*WORK ITEM*: With pictures excluded, repeat exactly the lines from the one containing "Summer Time Watercolor" through the last line of the material below.
DATA PROVIDED START
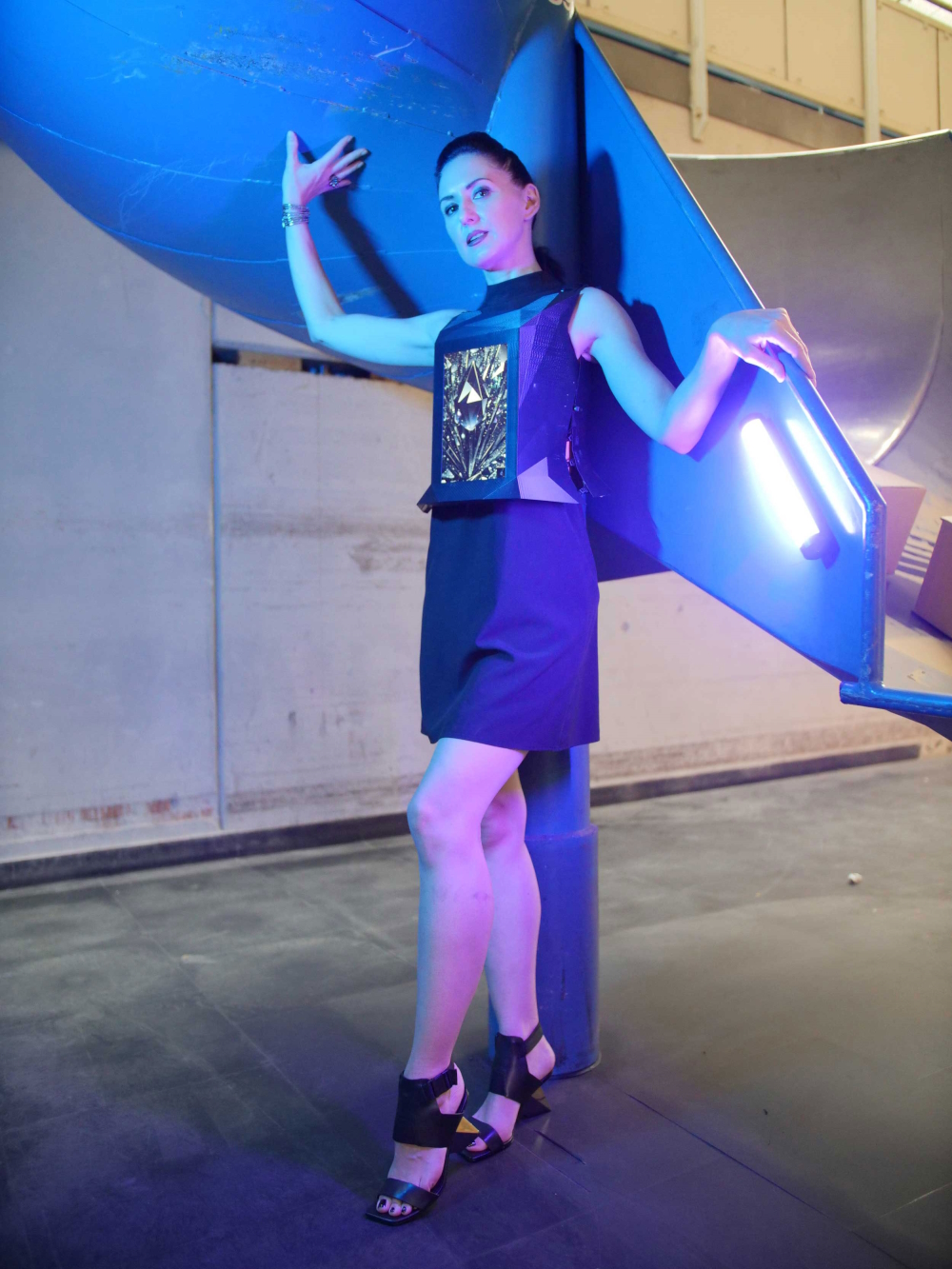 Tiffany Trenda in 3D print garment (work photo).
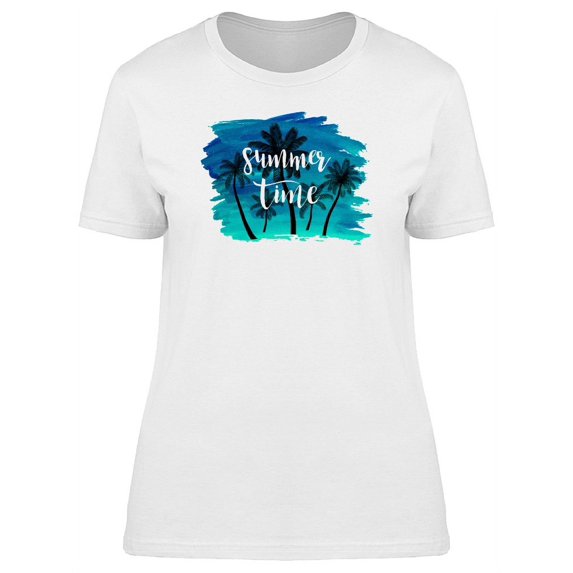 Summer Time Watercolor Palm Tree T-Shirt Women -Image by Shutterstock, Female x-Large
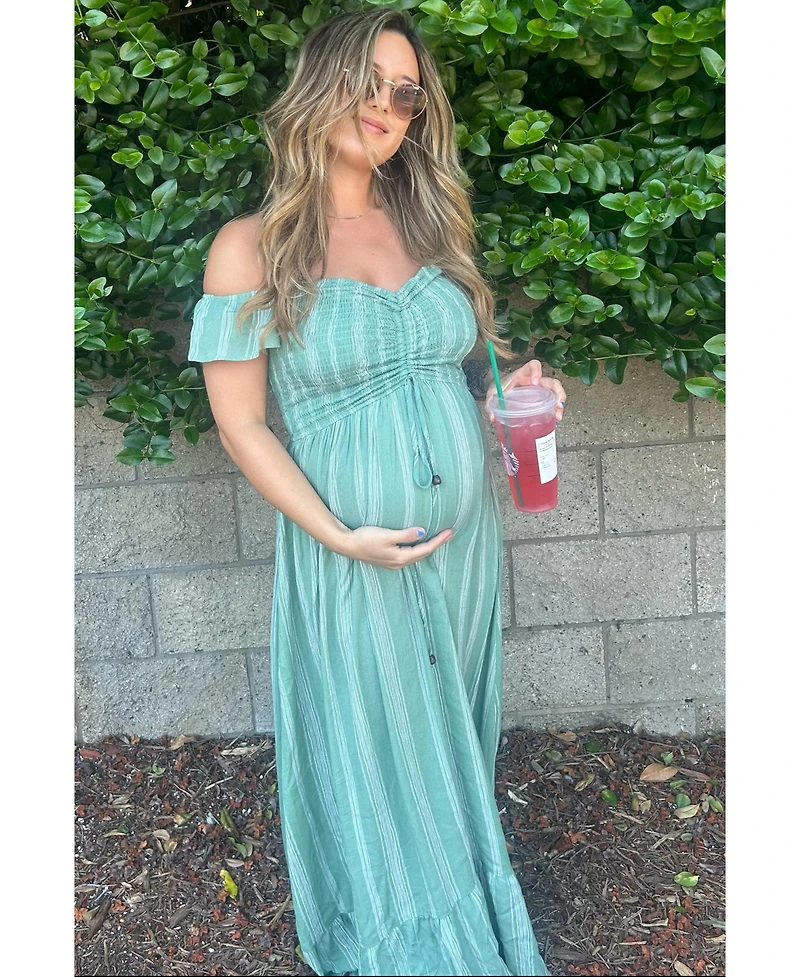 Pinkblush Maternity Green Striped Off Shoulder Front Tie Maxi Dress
DATA PROVIDED END
*EXERCISE RESPONSE*:
 Summer Time Watercolor Palm Tree T-Shirt Women -Image by Shutterstock, Female x-Large
 Pinkblush Maternity Green Striped Off Shoulder Front Tie Maxi Dress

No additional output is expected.